Let me start with Sullivan and Duane. While Duane is likable–hard working, loyal, a caring boyfriend, and adorably attached to Tibby–I simply couldn’t make myself like Sullivan very much. When he goes to the bathroom, he refers to it as tinkle or piddle. He’s obsessed with clothes, being fat, and his hair. Here’s an example where he’s about to meet up with Duane in the park and he’s discovered an elderly man wearing the same type of shoes he has on.
“Oh shit! He’s here. Oh shit! I hate my shoes! He’ll think my feet are heterosexual, I just know it!”
Same paragraph, further in:
“He’s so delicious. Look at those glasses. If they’re not screaming ‘Kiss me Sullivan!’ I don’t know what is. I love swarthy men in glasses. Oh look, he’s worn a blue dress shirt. O. My. God. I want this man to impregnate me now. No tie, just the shirt and jeans. Yum, yum, yum.”
I get the feeling Sullivan was supposed to be funny, but it seemed flat and forced to me.

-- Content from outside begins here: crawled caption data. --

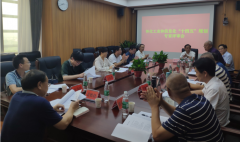 布局“十四五”，奮楫新時代 ——《懷化市工業(yè)和信息化“十四五”發(fā)展規(guī)劃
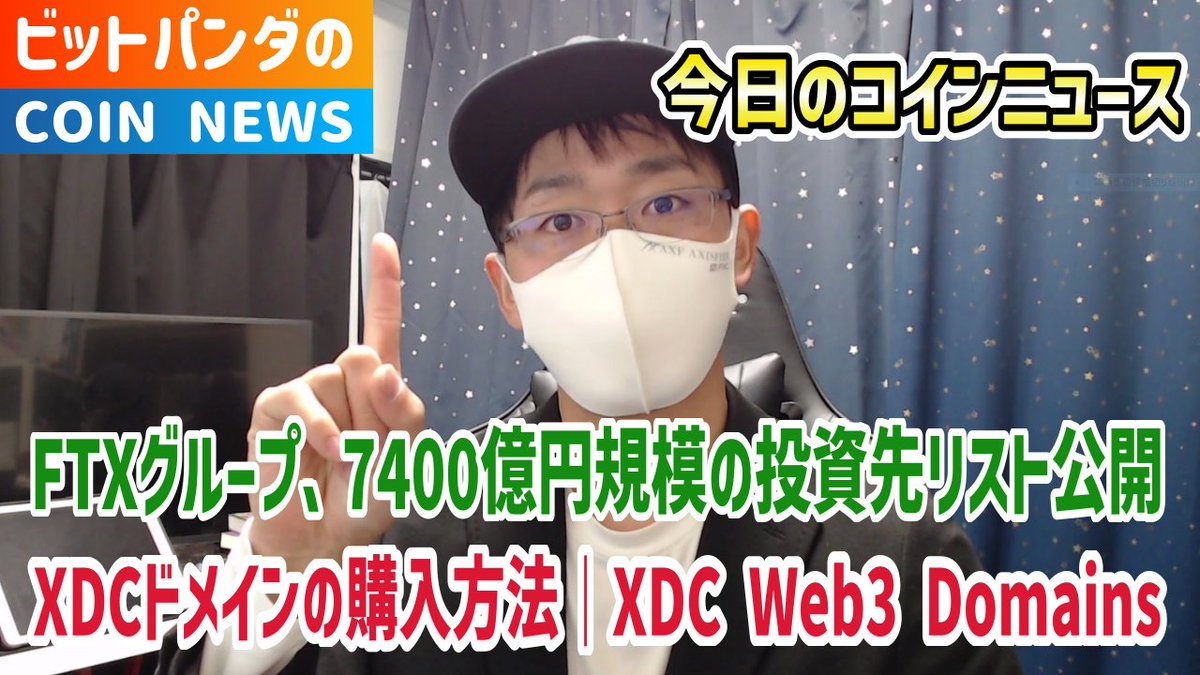 ビットパンダ tweet media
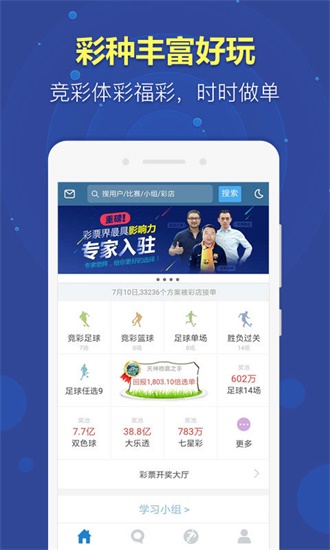 澳门正版资料 第2页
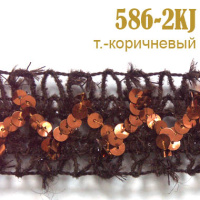 Тесьма вязаная с пайетками 586-2KJ темно-коричневый (27,43 м)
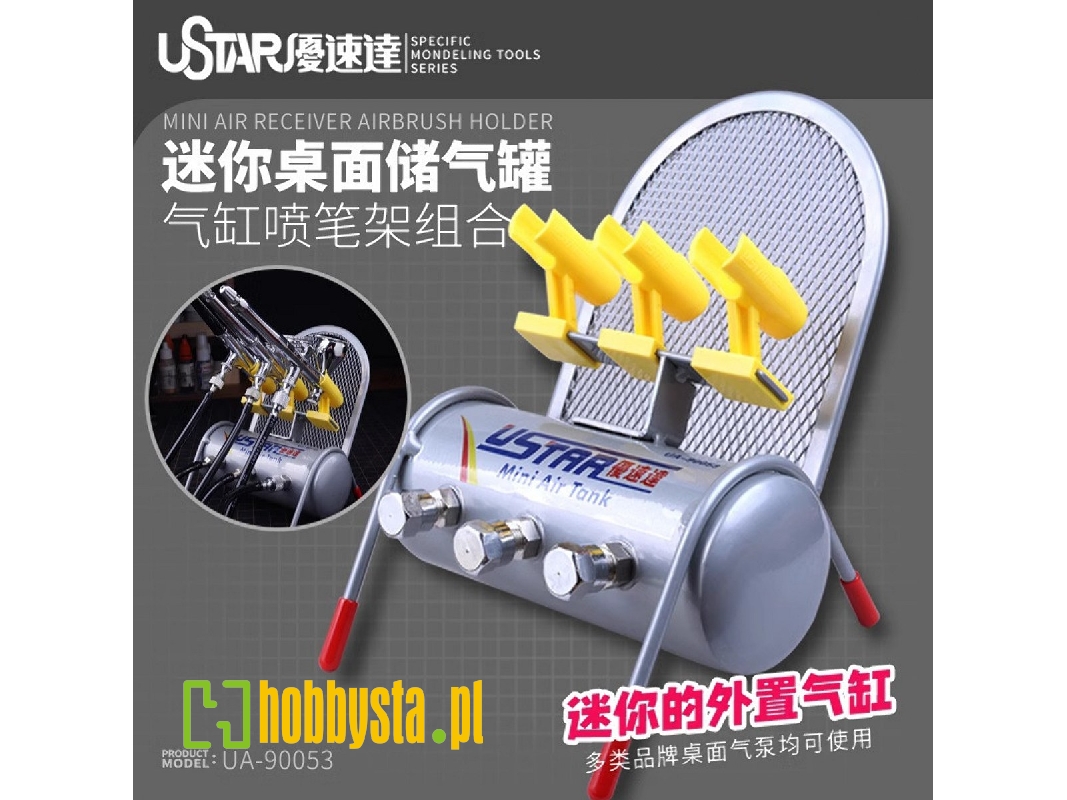 Mini Air Receiver & Airbrush Holder - image 1
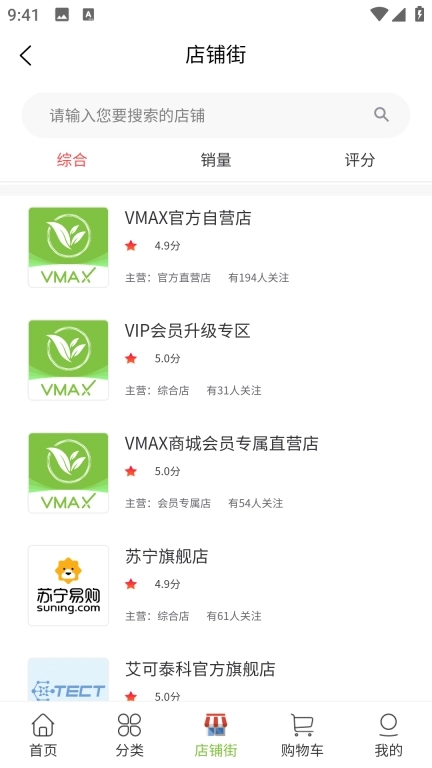 vmax商城-您的网上商城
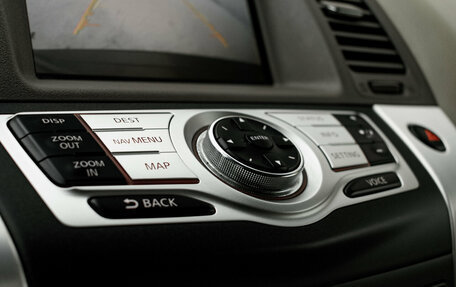 Nissan Murano, 2012 год, 1 600 000 рублей, 22 фотография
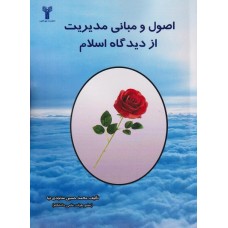کتاب اصول و مبانی مدیریت اسلامی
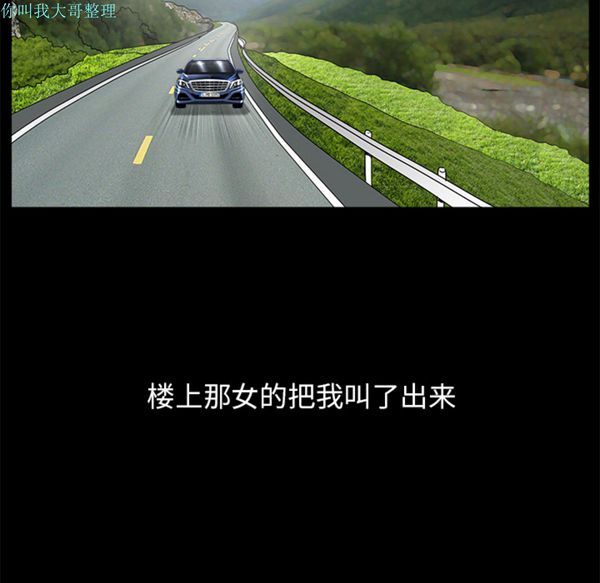 邻居 第11话 第83页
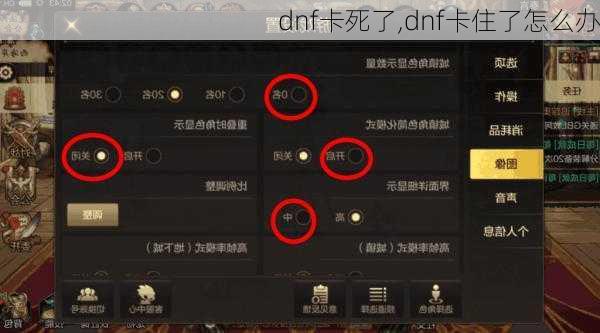 dnf卡死了,dnf卡住了怎么办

I did like the authors’ writing style. The use of alternate POVs was a good choice. I also like the way Duane has his roommate and friends, and Sullivan has his own roommate friends, and I enjoyed reading how they all began to mingle until everyone was theirs. There’s some great banter between the men and their people. Both roommates are supportive…funny when they need to be, but they obviously care.
Now, I mentioned Sullivan getting some bad news. I don’t want to give too much away, but that bit of bad news leads to some very serious (and timely) issues. Julian, Sullivan’s boss at the dance studio, has some connections in the theater world. He also lusts after Sullivan and isn’t above using those connections in a very negative way. Things become ugly…very ugly…leading Sullivan to despair and putting his relationship with Duane at risk. I feel this part of the book was good. It was well written, but it dragged on a bit. Also, Sullivan had taken to having some vodka every night to be able to sleep. Was he becoming an alcoholic? This was a loose end for me. I didn’t see any sort of explanation or resolution with this issue.
The ending was neat and tidy, as it should be. After everything Sullivan and Duane had gone through, they deserved to be happy. Once again, we see their friends coming together to help them and the scene was cute and sweet.
Love is a Walk in the Park is a story with great bones. It came through for me in the end, and for that, I was glad. I’m sorry it took me that long to come around. I recommend this one to people who like a somewhat angsty read and adorable dogs.